Queen's Anniversary Prize 2009

Profile of the Department of Archaeology, University of Reading

The University of Reading was been awarded the Queen's Anniversary Prize 2009 in recognition of the excellence of the University's Department of Archaeology, which combines ground-breaking research, enterprise and teaching.


In the Research Assessment Exercise (2008), the department was ranked as the UK archaeology department with the highest proportion of world-leading research (40% 4* research). The Department's six core areas of research cover the entirety of human history in Europe and the Near and Middle East from the last glaciation to AD1600. The world-leading research areas have a direct relevance for contemporary environmental and climatic change. They include: the development of the first complex societies in the Near and Middle East since the last glaciation; coastal and wetland archaeology and the relationship between humans and the environment in prehistory; later prehistoric societies in north-west Europe; urbanisation in the Roman World; digital data capture in the field, database development and digital dissemination and the archaeology of the medieval church and monasticism.

The multi-disciplinary character of much of this research integrates humanities- and science- based approaches to produce innovatory methodologies and original results. There is also substantial collaborative participation in research and teaching projects with other parts of the University, such as geography, meteorology, computer science and chemistry. This extends to prestigious institutions at home and overseas such as Cambridge and Durham Universities, Teheran University, Stanford and University of California.

The department has successfully bid for £4.7 million in prestigious research grants over the past 8 years from AHRB/AHRC, British Academy, Joint Information Systems Committee, Leverhulme and NERC.

Learning and training

The Department's emphasis on vocational training is unique in the UK, integrating field-based practice into all undergraduate degrees through the Silchester Field School. The inspired learning for students is unparalleled anywhere else in the UK and provides students with the field-skill set they need to go into professional practice through the experience of working on one of the UK's largest and complicated research excavations.
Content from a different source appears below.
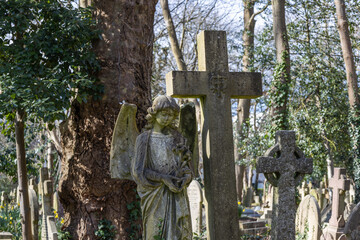 Weathered Stone Angel Statue and Cross in Historic Cemetery, London, UK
Research-based teaching sits at the heart of the distinctive suite of undergraduate and Masters programmes, MPhil and PhD research degrees.

In the National Student Survey 2008, 100% students on the department's programmes agreed on the quality of the teaching provision. The department is recognised by HEFCE as a Centre of Excellence in Teaching and Learning in Undergraduate Research Skills.

It has also played a major role in getting the disabled engaged with archaeology by leading the HEFC-funded initiative, Inclusive, Accessible, Archaeology

43% of undergraduates go into employment in archaeology, which is particularly high for archaeology. 44% of those on MSc in Geoarchaeology go on to work in that field.


Industry and government also benefit from the Department's expertise through the provision of advice and specialist services, especially in the areas of forensic and environmental reconstruction.

The department provides advice to the Home Office, UK Police Authorities and Forensic Science Service, particularly in the areas of human provenancing and forensic palynology . This has included expert witness testimony in high profile legal cases. Members of the department act as advisors to national heritage organisations such as English Heritage and Cadw in Wales.

Engagement with wider audiences

The department has excellent engagement with non-specialist communities and audiences and through the Silchester Roman Town Project, in particular, reaches over 5000 people in one open season, including hundreds of young people through school visits, work experience opportunities and the Public Open Days. Staff also conduct a wide range of talks, public lectures and media work.

Staff and students

The department boasts five Fellows of the British Academy (FBA) among the 17 HEFCE funded staff members, making it the only academic department in Britain to boast five FBAs. There is also a Fellow of the Royal Society on the staff.

Members of the University's Department of Archaeology who are also Fellows of the British Academy are:- Professor Martin Bell, Professor Roberta Gilchrist, Professor Michael Fulford, Professor Steven Mithen and Professor Richard Bradley. All five members of the department have progressed in their careers at Reading, having initially being appointed to more junior positions.

Staff represent the University on the executives of a number of national societies and are academic assessors to research councils and major charities.

The Department is comprised of 17 HEFCE funded staff and 4 charity funded staff, as well as 8 post doctoral research staff

Student numbers - 65 on BA Archaeology - almost 180 students on all undergraduate programmes, 14 on Masters, 13 on MSc Geoarchaeology and 47 PhD students.

The above data (e.g. student numbers and employability statistics) relate to the date of the QAP award (2009) and may have changed since then.


REF 2014 results confirm Reading Archaeology as world-leading

The Higher Education Funding Council for England (HEFCE) published the results of its Research Excellence Framework (REF) 2014 on 18 December 2014. The Research Excellence Framework (REF) is the method for assessing the quality of research in UK higher education institutions (HEIs) held approximately every six years.

Reading has achieved the top score in Archaeology (UoA17A) for world-leading (4*) and internationally-excellent (3*) research. Expert peer review has confirmed 81% of our research as scoring in these two categories, above Oxford, Durham, UCL, York and Cambridge in a competitive field of over twenty submissions. Our grade point average was 3.08, well above the sector mean, with outstanding scores in outputs (31.9% at 4*) and environment (62.5% at 4*).